Finch sees it as a matter of survival in a Darwinian new world order, where companies and individuals have to recognize emerging trade blocs even if they don’t participate. Finch crosses the border into Canada three or four times per week. This week’s Atlantica conference made him see how some people from smaller communities on the Maine-Canadian border see things differently than people living in big cities.
“In the global changing of the world – and I can say this because of where I live on the Bay of Fundy – do we really believe that Washington cares any more about northeastern New England than Ottawa does about the Atlantic provinces?”
Finch and more than 200 others listened to a sometimes tense debate on the Atlantica concept, an economic zone made up of the Atlantic Provinces, northeastern United States and eastern Quebec.
Scott Sinclair of the Canadian Centre for Policy Alternatives worried post-9/11 security would hamper Canadian ports relying on U.S. trade and that any benefits would be heavily concentrated in port regions.
The debate remained polite until the end, when Sinclair clashed with Charles Cirtwill, acting president of the Atlantic Institute of Market Studies, over whether Atlantica has had enough public input.
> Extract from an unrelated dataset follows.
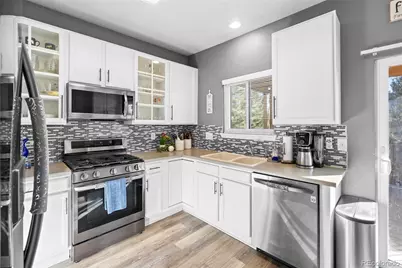 21736 E Kenyon Place, Aurora, CO 80018 - Photo 11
Stephen Blank, director of the North American Center for Transborder Studies at Arizona University, agreed with Sinclair that more public discussion is needed.
Cirtwill told moderator Hana Gartner he felt that the parties agreed on four points: that the environment is a critical part of Atlantica, that trade and transportation will be about more than just trucks, that growing trade is not necessarily a bad thing and that public input is critical. Sinclair disagreed.
At lunchtime, Premier Rodney MacDonald gave a keynote speech touting the Atlantic Gateway concept.
Calling Nova Scotia “the common-sense entry point for goods bound for North America”, he pointed out that cargo ships sailing from India and Asia through the Suez Canal are closer to Halifax than to any other North American port.
Nova Scotians need to do a better job of marketing that concept, however, he told reporters afterward.